Regardless of the possibility for Assad’s arrest, the existence of the warrant could complicate any decision to attend the conference, and contribute to re-isolating the Syrian president at a time of increasing regional normalization.

Four days before France issued its arrest warrants, Assad was in Saudi Arabia’s capital Riyadh, attending an emergency Islamic-Arab summit to discuss Israel’s latest war in Gaza. Syria was readmitted to the Arab League this past May following a nearly 12-year suspension. 

Damascus’ return to the diplomatic sphere has been underway for years. In 2018 the UAE reopened its embassy in Syria, followed by Oman in 2020 and Bahrain in 2021. Jordan’s Foreign Minister visited Damascus for the first time since 2011 in February, while Syria and Saudi Arabia announced this past May that they would reopen their respective embassies after nearly 11 years of estrangement.

Hokan, of SCM, believes the French warrant is already disrupting Damascus’ progress in its push for regional normalization as a stepping stone to gradually easing international isolation.
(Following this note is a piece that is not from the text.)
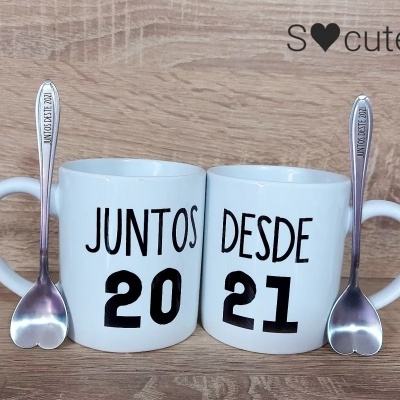 Conjunto canecas casal - Juntos desde...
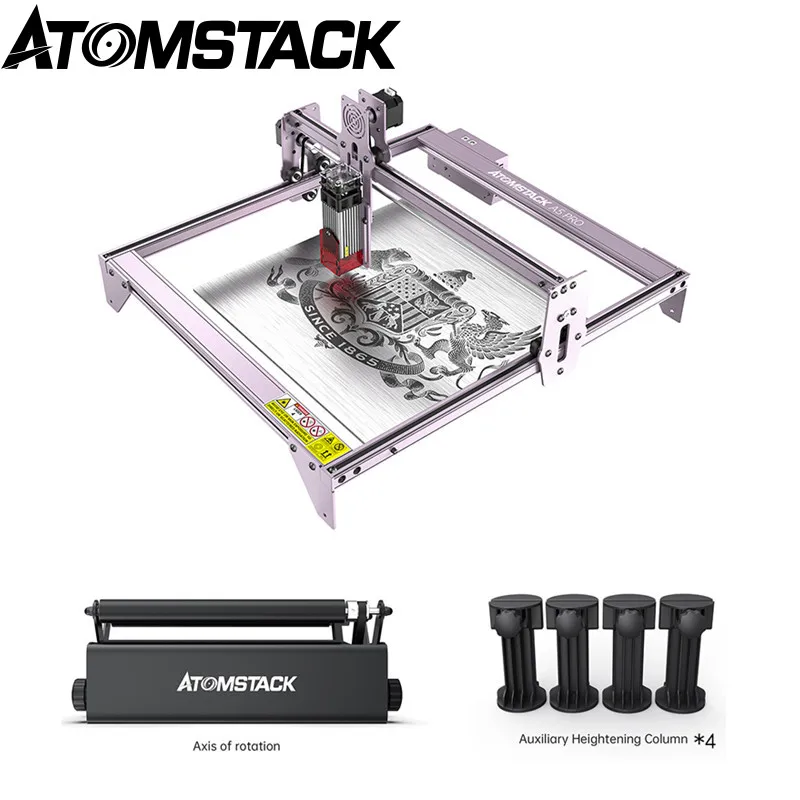 

New Promotion ATOMSTACK A5 PRO 40W Laser Engraver + Rotary Roller Laser Engraving Machine Mark On Cans,Eggs,Cylinders,Bottle,Pen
These efforts “also aimed at lifting sanctions by addressing issues such as counterterrorism, security cooperation, and the matters of refugee return and reconstruction,” he said.

Trial in absentia

One legal scenario for the French case against Assad and other officials, moving forward, is that “the arrest warrants could be challenged—by those targeted or by the prosecutors,” Aida Samani, senior legal advisor at Civil Rights Defenders, told Syria Direct. “In that case, there would be a legal proceeding initiated concerning the legality of the arrest warrants. So going forward depends on how the French authorities choose to move forward.”

The fact that the arrest warrant could be challenged points to how a warrant issued by a state differs from one issued by an international court, such as the International Criminal Court (ICC). However, Syria is not a party to the ICC, and Assad’s allies Russia and China have repeatedly blocked efforts at the Security Council to give the court jurisdiction.

Two heads of state are currently wanted by the ICC: Russian President Vladimir Putin and former Sudanese President Omar al-Bashir. 

Warrants issued by the ICC or a state “differ in a fundamental matter,” Hokan explained. One potentially useful difference is that, “in the event that it is not possible to implement the arrest warrant issued by the French judiciary, the accused can be tried in absentia,” which is not possible before the ICC.

“We all hope that Assad is arrested soon,” Kostas said. However, if it is unlikely he would leave Syria and be “subject to or obtainable for arrest,” then “a trial in absentia is ultimately possible in France,” he added. Such a trial “would be an extremely important step forward for hundreds of thousands of victims of Assad’s crimes.”

In the meantime, the fight for justice continues in other courts. The same organizations involved in the French investigation have filed evidence of the 2013 chemical attacks, as well as the 2017 Khan Sheikhoun attack, to prosecutors in Germany and Sweden, Samani confirmed. Authorities in both countries are actively investigating. 

Multiple ongoing investigations could enable national authorities to continue to collect and share information between each other, and possibly with French authorities, Samani explained. The organizations involved are continuing to identify evidence that could be included in investigations concerning the chemical attacks. 

“Victims from other attacks need access to justice, and it is important to the international community that these crimes are punished,” Kostas said. “It is unrealistic and sort of unfair to expect one country, France, to shoulder all of that burden.”